### Task instructions
The required output is the stretch from the line containing "Celebrity Hairstyle Of" through the line containing "Sensor de oxígeno" in the records below, unaltered and with no pictures.

[Dataset items]

--*--

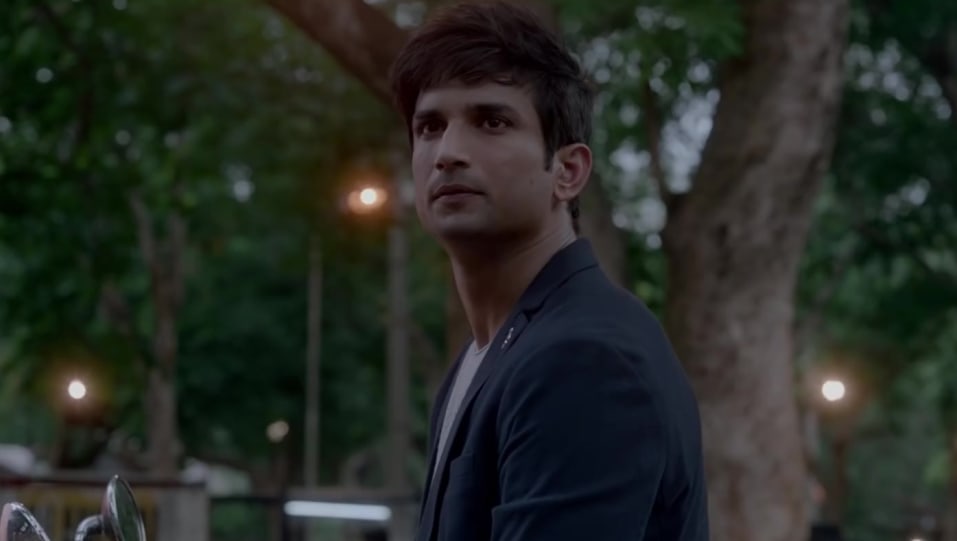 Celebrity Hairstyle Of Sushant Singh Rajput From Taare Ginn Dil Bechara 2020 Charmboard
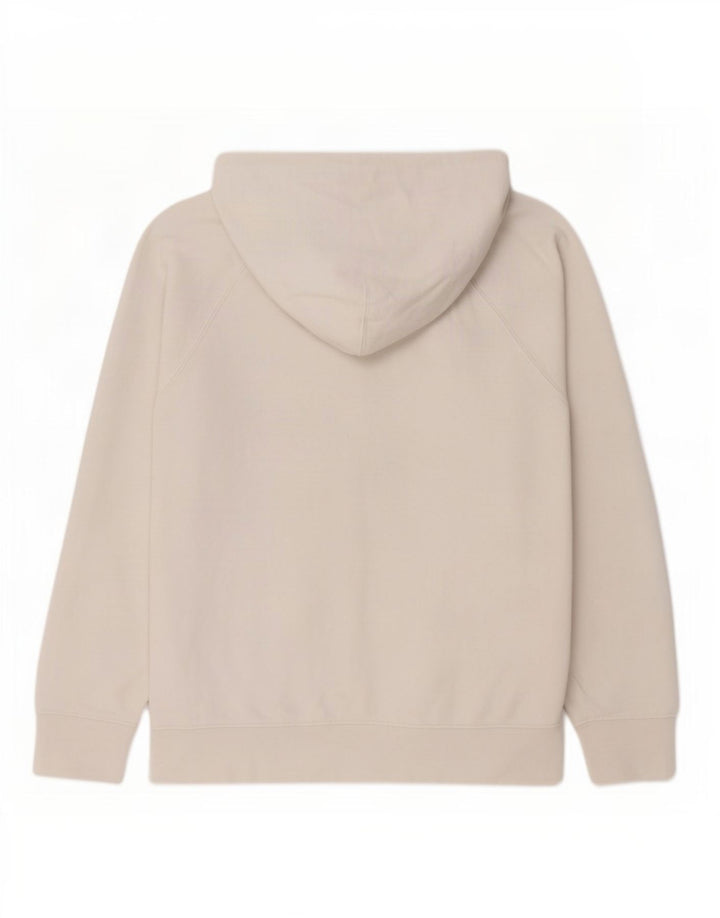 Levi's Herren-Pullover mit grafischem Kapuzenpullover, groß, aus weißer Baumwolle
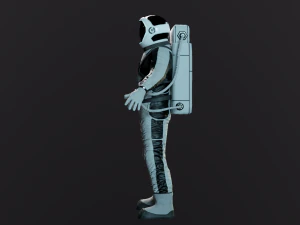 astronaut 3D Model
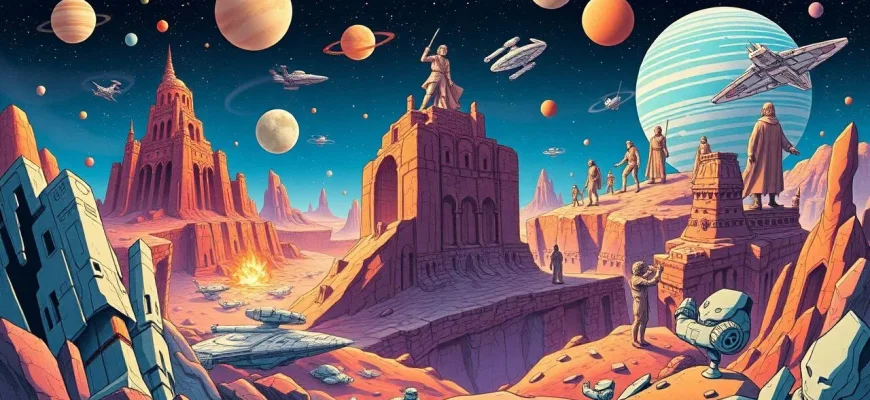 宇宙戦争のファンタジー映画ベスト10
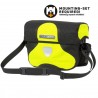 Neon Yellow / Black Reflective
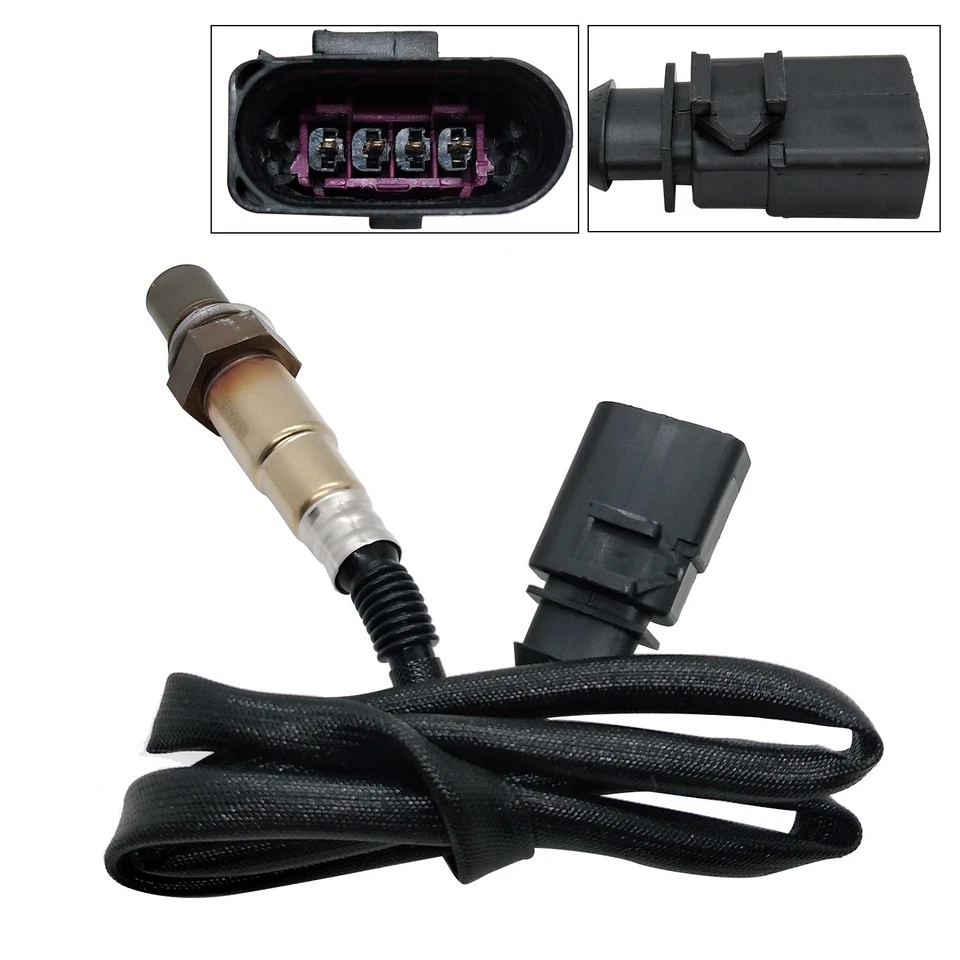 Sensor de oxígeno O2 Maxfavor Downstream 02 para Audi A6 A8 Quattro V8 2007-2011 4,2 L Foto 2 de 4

--*--

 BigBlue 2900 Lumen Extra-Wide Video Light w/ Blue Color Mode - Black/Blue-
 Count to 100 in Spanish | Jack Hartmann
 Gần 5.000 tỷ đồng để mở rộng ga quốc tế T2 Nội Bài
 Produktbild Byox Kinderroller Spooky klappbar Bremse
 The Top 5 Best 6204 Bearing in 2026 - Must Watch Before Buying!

--*--

### Response to the exercise
 Celebrity Hairstyle Of Sushant Singh Rajput From Taare Ginn Dil Bechara 2020 Charmboard
 Levi's Herren-Pullover mit grafischem Kapuzenpullover, groß, aus weißer Baumwolle
 astronaut 3D Model
 宇宙戦争のファンタジー映画ベスト10
 Neon Yellow / Black Reflective
 Sensor de oxígeno O2 Maxfavor Downstream 02 para Audi A6 A8 Quattro V8 2007-2011 4,2 L Foto 2 de 4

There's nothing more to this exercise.